Here's a memo to GM's senior execs from a lowly car-loving peon: stop building cars that you want to build... and start building cars that consumers want to buy.
Take a gander, for example, at the difference between the G6 Concept, at left, and the production car, above. The G6 has the typical crappy Pontiac grille, not the sweet mesh of the concept. The G6 has the standard GM-ish wheel configuration, not snazzy nineteens sheathed in swelled fenders like the concept. The concept car was something that consumers would buy. The G6 is the same sort of predigested pap -- designed for the masses and not the enthusiasts -- that GM has been trying to pitch for years. It hasn't worked for years -- and it's not working now.
Take a late-model Honda Civic, for example. Its lithe, compact body has been heavily influenced by the BMW 3-series sedan (GM: you could do a lot worse than to simply build a 3-series clone).
Here's a late-model Nissan Altima. Its visual cues appear borrowed directly from Audi's old, sleek A4. It's inexpensive, attractive, and reliable.

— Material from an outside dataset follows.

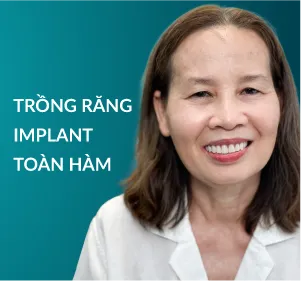 Trồng răng Implant toàn hàm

GM needs to pick out an existing, highly respected, Japanese or German brand, and start building clones. It could be Nissan/Infiniti, Toyota/Lexus, or BMW. It really doesn't matter. It's obvious GM's execs can't execute creatively -- with the possible exception of Cadillac -- so they need to follow the leaders.
Beautify your grilles, add blingified wheels, add quiet, torquey powerplants with 4-valve-per-cylinder technology... and, of course, improve quality. Incentivize the workers (unionized or not) with Consumer Reports' famous color-coded report cards. Better report cards: better comp packages for workers. Force the workers to have skin in the quality game using metrics everyone on the planet can understand.
Oh, and when you have a well-received concept car, try not to suck away all of its appealing features as it moves towards production.